# [Assigned task]
Take the line containing "ARLO REED Men's" and every line after it to the end of the records, and copy them exactly, excluding pictures.

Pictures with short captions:
----
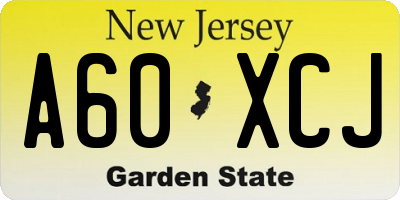 NJ license plate A60XCJ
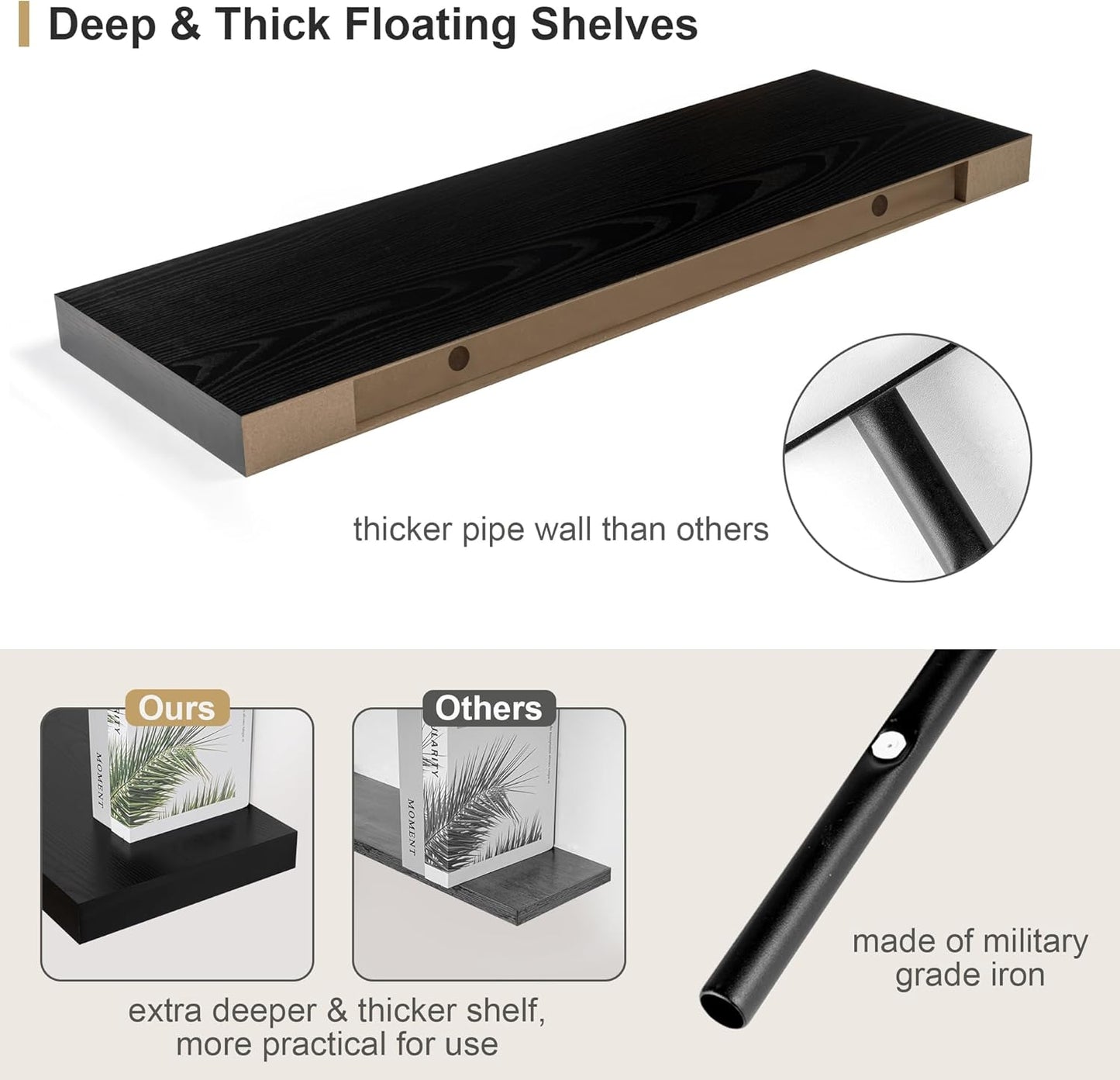 Heimlove 12 Inch Deep Floating Shelves, 55 x 12 inch Extra Long Floating Shelves for Wall, Large Display Shelf & Storage Shelf for Living Room Bedroom Kitchen Home Office, Set of 1, Black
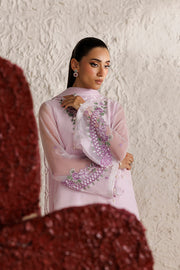 Farasha Luxury Formal Embroidered Chiffon Unstitched 3Pc Suit - Mauve Eclat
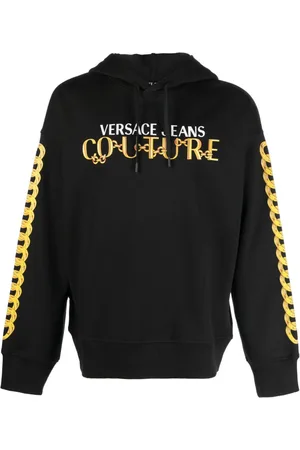 VERSACE Logo-print cotton hoodie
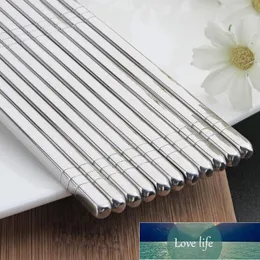 1 Pair Korean Chopsticks Pałeczki do Sushi Niepoślizgowe Ze Stali Nierdzewnej Set Zestaw Reusable Baguette Chinoise Cena fabryczna Expert Design Quality Najnowsze styl oryginał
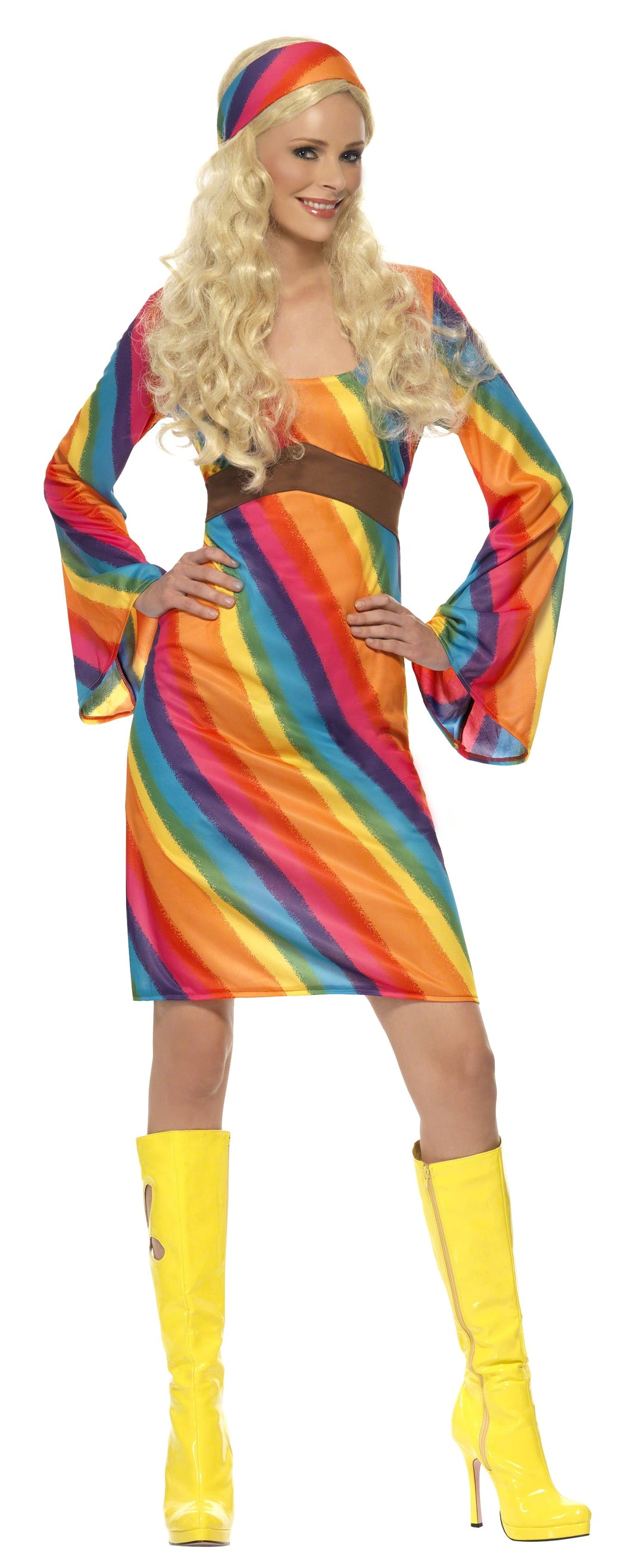 Ladies 60s Rainbow Hippie 70s Groovy Hippy Costume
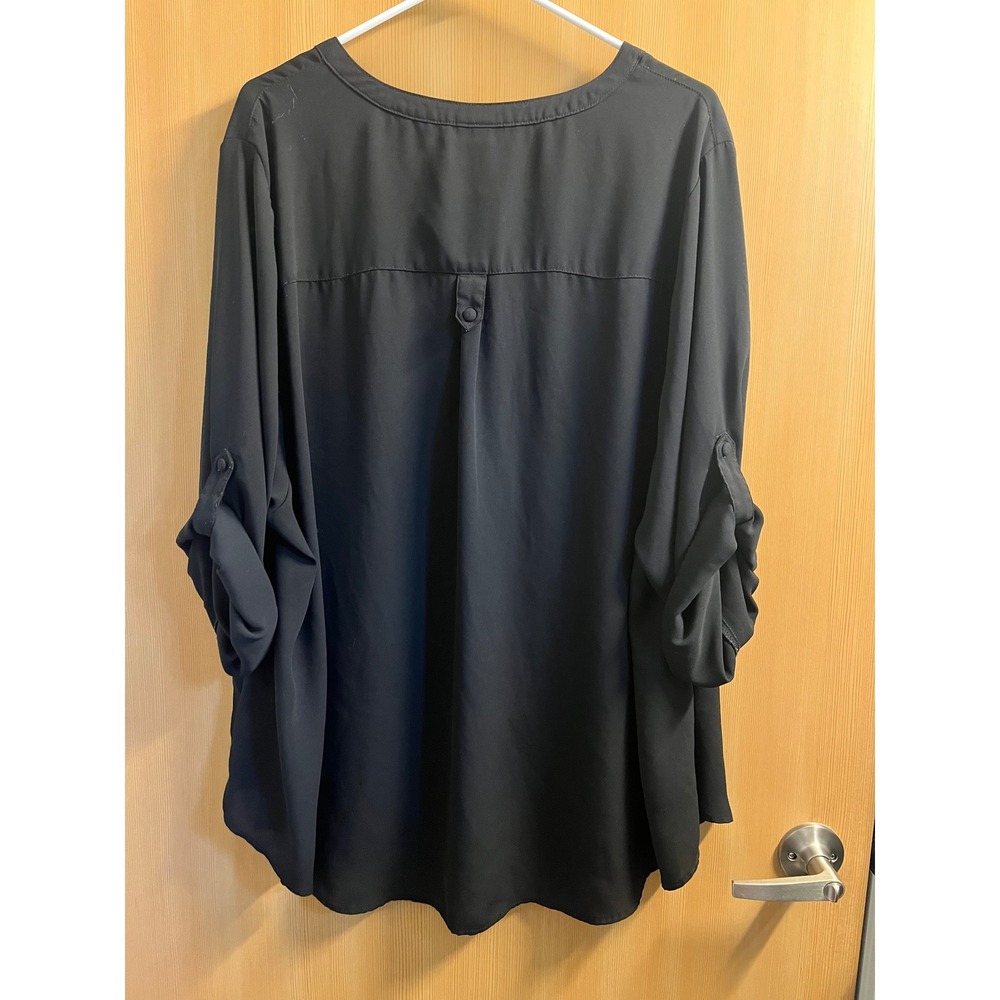 Torrid Harper Blouse Womens 4 Black Roll Tab Sleeve Georgette Pullover Top - Picture 2 of 11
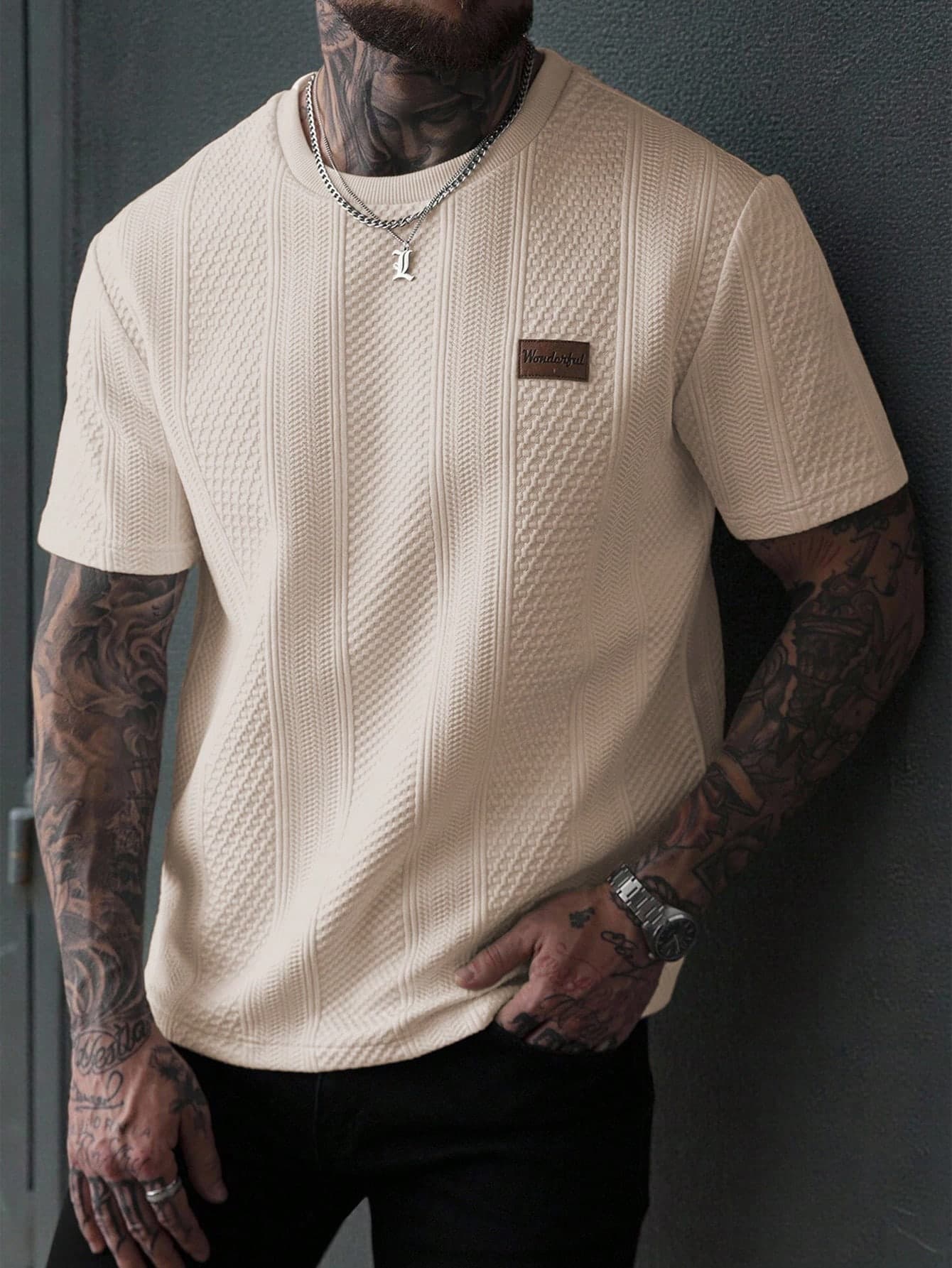 ARLO REED Men's Letter Graphic Round Neck Short Sleeve Casual Versatile T-Shirt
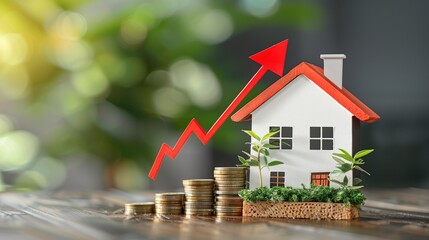 Booming real estate market, depicting an upward trend in property sales and rentals, with a symbolic house labeled for sale or rent to represent the surge in housing demand.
----
# [Result for this exercise]
 ARLO REED Men's Letter Graphic Round Neck Short Sleeve Casual Versatile T-Shirt
 Booming real estate market, depicting an upward trend in property sales and rentals, with a symbolic house labeled for sale or rent to represent the surge in housing demand.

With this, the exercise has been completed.